Felix dehşetle gözlerini büyüttü. "On yaşındaki bir çocuğun annesini öldürdüğünü mü söylüyorsunuz!"
"O çocuklar sağlıklı değildi Felix!" dedi Jeongin de sinir bozukluğu ile, dava her dakika onları gerçekten başka bir şey yapmıyordu. Tahtayı işaret etti. "Babaları bir hasta, o çocuk o kadını öldürdü ama onu o toprağa başkası gömdü. Bunu bir çocuk yapamaz."
Chan, bunca zamanki karşılaştığı tüm profilleri, tüm tepkileri gözünün önüne getirirken "Teşvik," dedi. "Çocuğu öldürmesi için o teşvik etmiş olmalı. Çocuk tek başına o kadını o dağın tepesine taşıyıp gömemez, çocuğu teşvik etmiş ardından da cesedi kaldırmış."
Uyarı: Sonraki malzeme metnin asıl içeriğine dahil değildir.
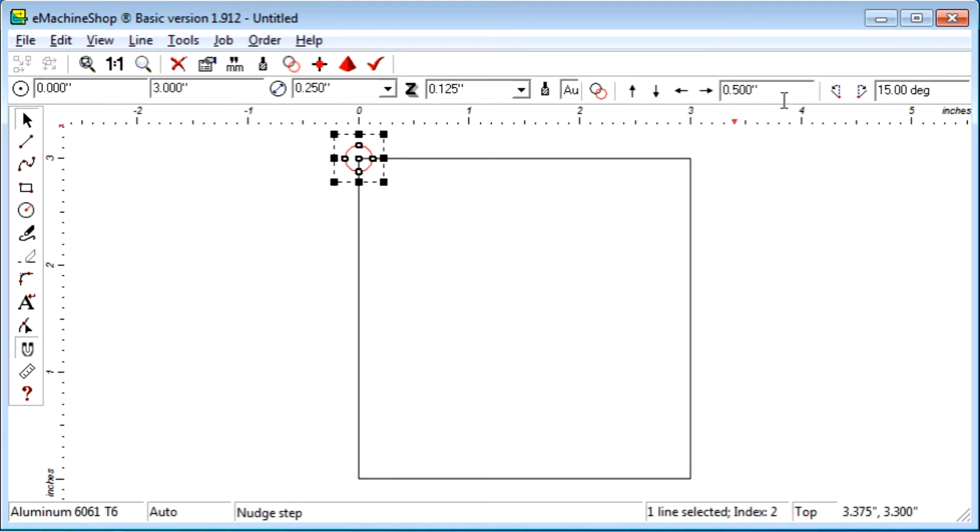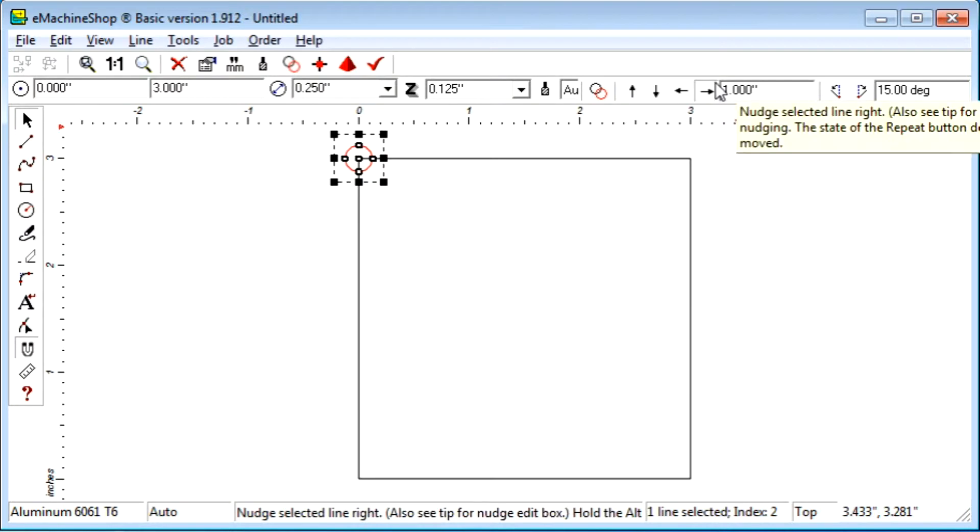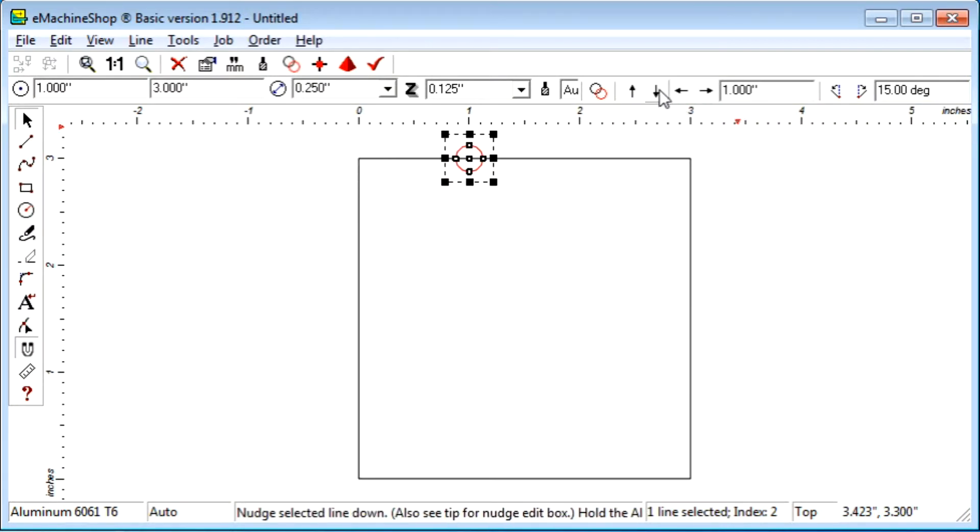Instead, we set the nudge value to 1.0 and click the nudge right and nudge down buttons.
"Bu psikopatlar hâlâ dışarıda..."
Jeongin direkt Chan'a baktı. "Kadın iki çocuğun yurt dışında, birinin burada olduğunu söyledi. Buna dair bir bilgin yok mu?"
"Park Jongho Amerika'da ama diğerlerine dair yok."
Bu sırada kapı çaldı, bir başka komiser nefes nefese kapıdan onlara baktı. "Komiserim," dedi Chan'a bakarken. "Bir ceset daha."
Seungmin ayağa kalktı. "Yirmi iki kurban kaldı."
Hızla emniyetten ayrılan ekip direkt olay yerine geçerken geceyi sabah etmişlerdi, otopsiden ayrılan Jeongin saati kontrol etti. Daha müdürle konuşması gerekiyordu, Seungmin'i de alıp o adrese sürmüş, kadının evine geçmişlerdi.
"Uzun yıllar o okulda müdürlük yapmışsınız." dedi Jeongin. İç çekti. "Size iki öğrenciyi sormak istiyorum. Kim Chul ve Kim Yul. Acaba onları hatırlıyor musunuz?"
"Düşünmeme izin verin lütfen," dedi kadın. "Çok uzun zaman oldu, hatırlamam lazım."
O hafızasını zorlarken katile gerçekten çok yakınlardı, müdürün evi fotoğraflar ve belgelerle doluydu. Jeongin merakla gözlerini etrafta gezdirirken Seungmin de aynısını yapıyordu. Savcı da polis de sabırla müdürü beklemişlerdi ki kadın onlara baktı.
"Bahsettiğiniz öğrenciler... İkiz olabilir miydi?"
"Evet," dedi Jeongin heyecanla. "İkizler."
Yıllardır kayıp olan ikizlere ilk defa bu kadar yakınlardı, vücudunda gerginlik ve adrenalinin kol gezdiğini hissediyordu Jeongin. Öyle ki meslek hayatının en zor davası olarak kabul etmişti çoktan.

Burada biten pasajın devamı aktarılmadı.